Driver: I didn’t let you on to throw your drink all over the floor.
Young Woman: I didn’t THROW it, it spilled.
D: And you’ve done this before.
YW: So why did you let me on the bus?

It went on like that, with a couple of passengers pleading with the driver to get going before he ordered her to sit further back on the bus. He probably figured she’d rest in some window seat. Instead, she sat on an aisle seat, on the left side, and started leaned so far to her right, I thought she’d surely fall over. Instead, she’d regained awareness.

Some guy who was sitting in front of her was going to take her picture, I suspect to verify her condition. She was aware enough of him, though, to suggest that if he did take her picture, she would report him as a “sex pervert.”

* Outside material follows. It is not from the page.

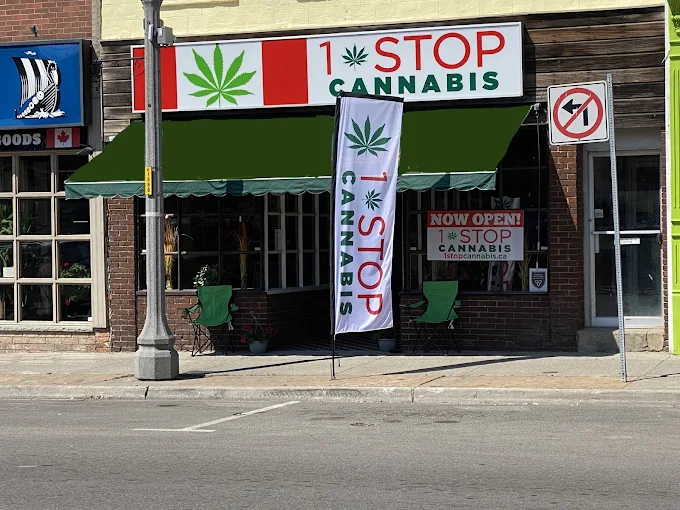 1 Stop Cannabis store front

She’d nod off, leaning, and dropped her phone or another device twice onto the floor. Then she’d be lucid enough to engage in pleasant banter with the folks in the back of the bus. Then she’d zone out and dropped her wallet twice, the second time, with her cards falling out. She bent over and was fodder for much laughter. I don’t know if she realized they were laughing AT her rather than WITH her.

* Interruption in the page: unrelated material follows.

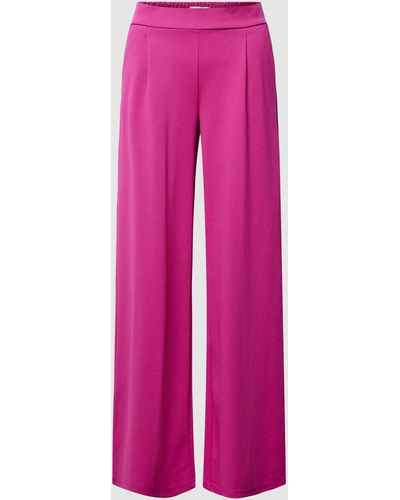Ichi Stoffhose mit elastischem Bund Modell 'KATE' - Pink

At some point, a guy got off the bus, but before he left, leaned over her slumped body, then left. A minute or two later, she says she had been robbed. She may well have, but I was too far up front to tell for sure.

The driver stopped the bus across from the McDonald’s on State Street in Schenectady, calls his dispatcher, and we wait, much to the furor of more than a few riders. Then she says that she WASN’T robbed, at which point I swear there were those who seemed ready to do the young woman bodily harm. Several riders plead with the driver to go. She leaves the bus and goes to the Mickey D’s, with the riders more impatient by the minute. Then she comes back because she had left a large bag by her original seat on the bus.

By this point, the police fortunately arrive, we’re allowed to go, and I’m only 15 minutes late.

Was the young woman on drugs, prescription or otherwise? Did she have narcolepsy? I don’t know. Nor do I know whether a guy who said he was going to post a video of her on Facebook actually did, but he, who was sitting behind her, did record her for several minutes.

Talk about a long, strange trip…

Getting to Work Has Just Gotten Tougher

The Capital District Transportation Authority, the bus service for the Albany/Schenectady/Troy, NY area, has instituted a major revamping of its buses in Albany. It’s not just changing a few schedules, it’s dropping some buses and adding others.

For me, taking the bus to church has gotten easier when we have an early service; the first bus is now 8:04 rather than 8:52.

On the other hand, getting to work, starting tomorrow, has gotten a whole lot more difficult. I pretty much laid it out here. There might be one or two other options, but these involve the daughter leaving for school much earlier than has been her habit.

The other fact is that the bus to Corporate Woods won’t be going by my building, but rather I have to walk down this curvy road in the morning, and, worse, walk up this curvy road, where vehicles go terribly fast, at night, with no sidewalk; when it’s been snowing, that’s potentially dangerous, especially the way the Brinks trucks barrel down that road.

Something else: CDTA has gotten rid of some of the bus stops in order to increase fuel efficiency. One of them is about 20 feet from our front porch. I’ll miss it for nostalgic reasons. When I was taking the Daughter to preschool, we would often run to the stop just ahead of the bus a block away.